The growth of 5G mobile devices in the Philippines is beginning to outstrip the continued growth of the broader smartphone market in the country, new research has revealed.
According to industry analyst firm IDC, the Philippines smartphone market grew 22.6 per cent year-on-year in the second calendar quarter of 2021, representing the fourth consecutive quarter of year-on-year growth for the segment.
However, growth in 5G smartphone shipments specifically, over the same period, came in at 56.1 per cent, far outstripping the overall smartphone segment growth rate, albeit from a lower base.
According to Angela Jenny Medez, client devices market analyst at IDC Philippines, much of this growth came as Chinese 5G device vendors battled for market share.
“5G shipments accounted for more than 10 per cent of total shipments, growing by 56.1 per cent compared to the previous quarter as prices declined by 41.5 per cent quarterly to US$470 due to the aggressive pricing among Chinese vendors,” Medez said.
“Feature phone and 3G smartphone shipments continued to dwindle, reflecting the willingness of Filipinos to spend more for better functionality as well as the successful 4G LTE campaigns by telcos,” she added.
It should come as little surprise, then, that the majority of the top five smartphone vendors in the second quarter are Chinese companies, with Xiaomi, Oppo and Vivo named among the list of top players.
India-headquartered Realme accounted for 24.4 per cent of the total market, clinching the top spot for two consecutive quarters. Its ultra-low-end segment – devices sold for less than US$100 – grew by 140 per cent quarter-on-quarter, according to IDC.
Meanwhile, Vivo made a comeback in the top five, IDC said, securing the second spot by doubling its shipments as it brought in more units in the ultra-low-end and low-end segments, the latter of which captures devices sold for between US$100 and US$200.
Xiaomi, which is quickly acquiring market share in many regions around the world, rose in prominence to third spot by expanding further on its already substantial online channels as well as its increased focus in the mid-range segment, which incorporates devices worth between US$200 and US$400.
Xiaomi brought in affordable 5G models during the quarter by launching the Note 10 5G series, lowering its mid-range model prices by 14.3 per cent, IDC noted.
South Korean smartphone powerhouse Samsung took the fourth spot by launching several A series models and increasing shipments in the ultra-low-end segment. It grew almost threefold in this segment compared to the previous quarter, accounting for 27.3 per cent of total shipments.
At the same time, Oppo secured the fifth spot despite its shipments contracting by 14.5 per cent compared to the previous quarter. The company dropped its prices across almost all models and launched its A54 model, which accounted for more than a quarter of its total shipments.

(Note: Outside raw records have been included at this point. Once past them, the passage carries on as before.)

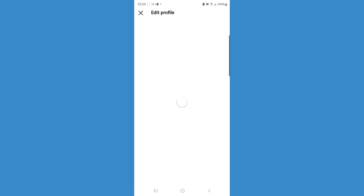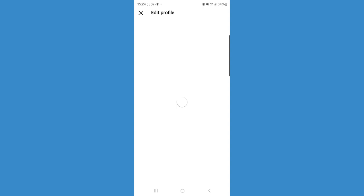From here, select edit profile and then click on the profile picture you want to remove.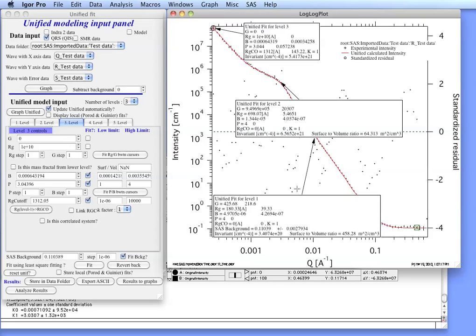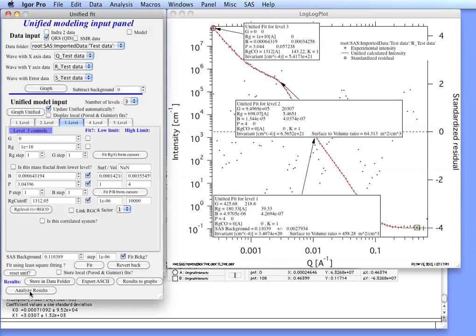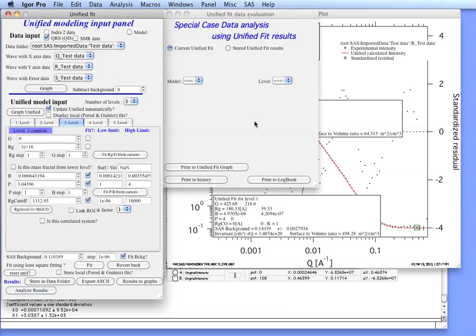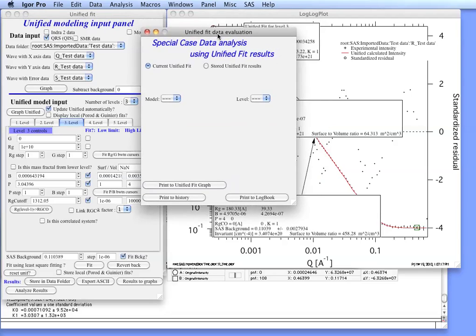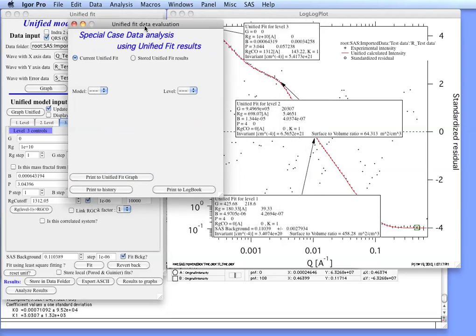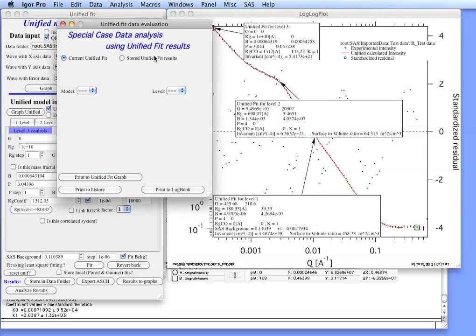This is what the unified theory provides. There are some specific cases where you can get slightly more values and they are available to you in the tool called Analyze Results here. If you click on the button you are going to get a new panel and you can either analyze the current unified fit results or you can actually analyze the stored unified results.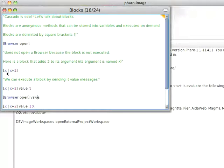Here is the same thing but with an argument. Notice this syntax: colon x and vertical bar. That means I get exactly one argument into this, and I execute that with value colon and the number of arguments.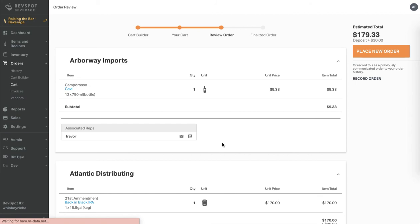If these are orders you want to communicate to your reps, click on the place new order button. If these are orders you've already communicated to your rep, click on record order.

"As new Covid-19 variants continued to dampen the recovery of the country and forced the reinstatement of lockdowns, vendors pre-emptively brought in more entry level smartphones and cut down on prices as more people are buying cheaper phones,” said Medez.
“This dragged overall prices down to US$186 in comparison to the US$199 from previous quarter, as vendors pushed unit sales at the cost of lower margins.

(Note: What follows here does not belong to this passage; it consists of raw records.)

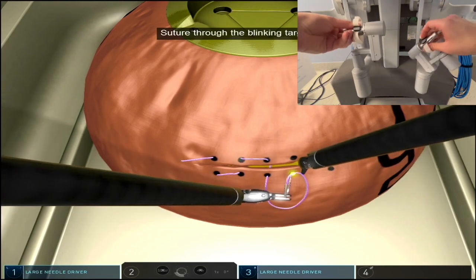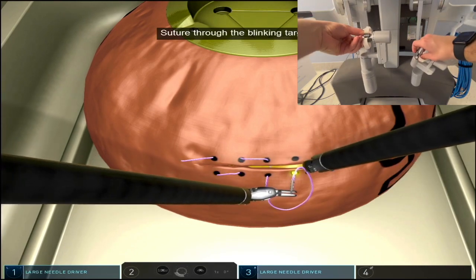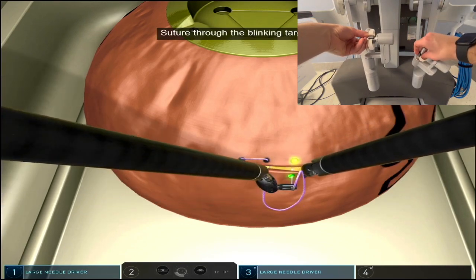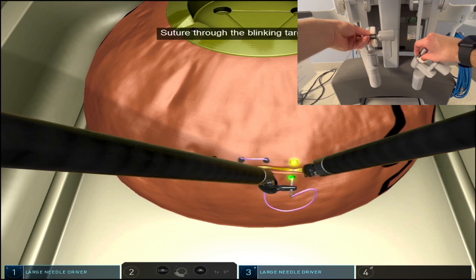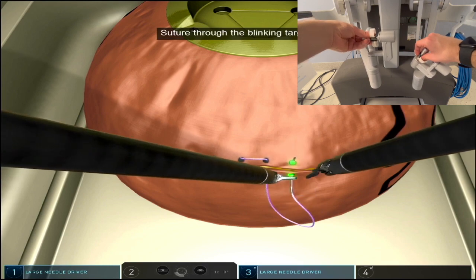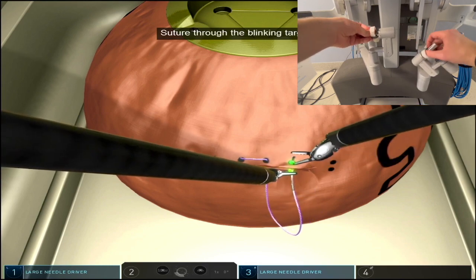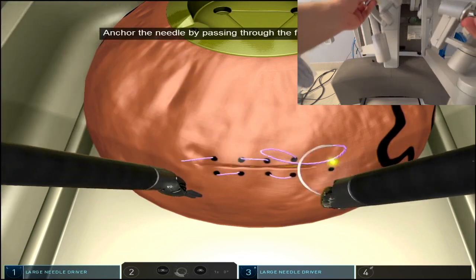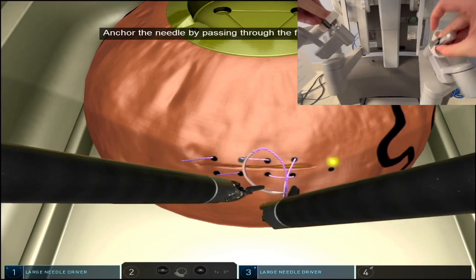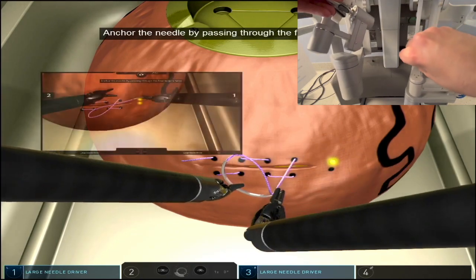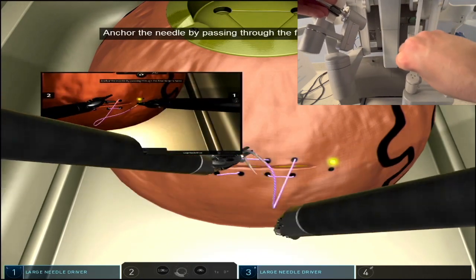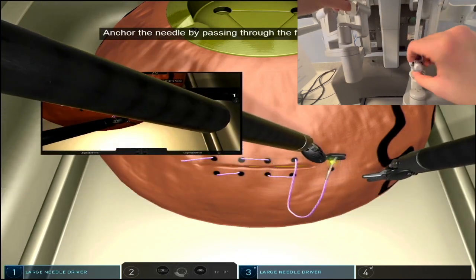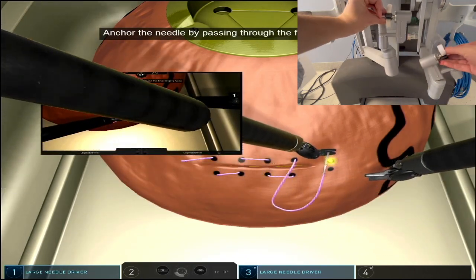A nice rule of thumb is that whenever you're taking bites towards you and you're supinating your hand, it's a lot easier to take both bites in one go, versus when you're taking bites away from you.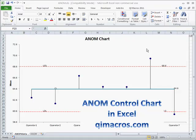In Six Sigma we talk about ANOVA, or analysis of variance. But how do we analyze means? The ANOM chart — analysis of means — is a way to do that.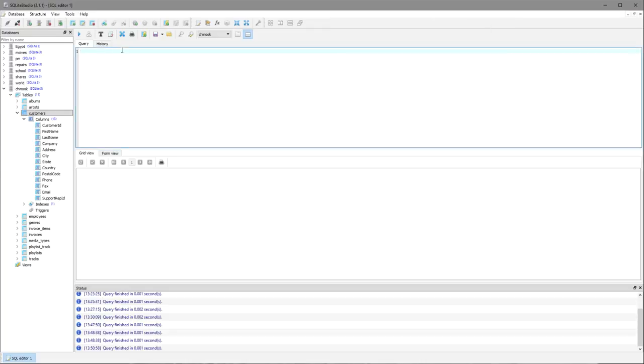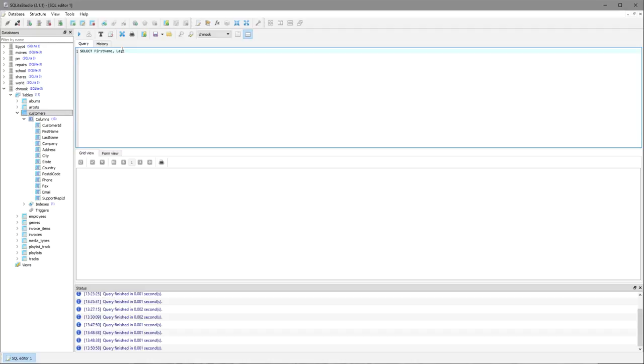So it's a query, so the first step is always write SELECT. Now I need to identify what information I need to display. So I've been asked to display the customer information, so their first name and last name, and that is all that I've been asked for.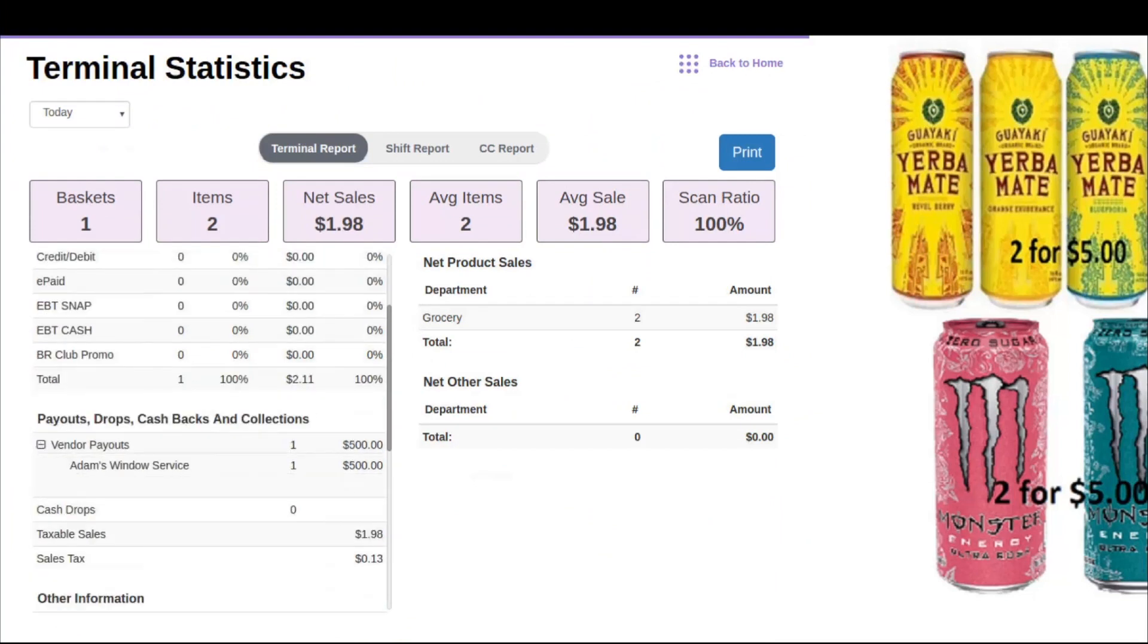As you can see, we have the vendor payout that we just created: Adams Window Service for $500. Again, this is just a reason why I took out $500 from my drawer, being able to account for that money.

“As uncertainty around the Covid-19 looms, we are anticipating smartphone vendors to bring in more models in the ultra-low-end segment to keep prices affordable despite rising component prices in order to push sales as consumers cut back on spending,” she added
According to Medez, despite supply concerns, vendors are now in a better position to manage their supplies than they were at the beginning of the pandemic.
"The market sustained its growth due to the rising need among consumers for mobile devices especially during these times,” she said.
Earlier this year, IDC said that the global smartphone market was expected to ship 1.38 billion units in 2021, growing by 7.7 per cent year-on-year and representing the largest yearly growth in shipments since 2015.
IDC also suggested that the global market was continuing to shift towards 5G networks.
In fact, the firm claimed that 5G shipments were predicted to grow by nearly 130 per cent in 2021, with nearly all regions outside of China to see triple-digit growth by the end of the year.
This growth comes despite fears the global chip shortage would soon begin hitting smartphone manufacturers after car makers found themselves struggling to source chips due to pandemic-related demand.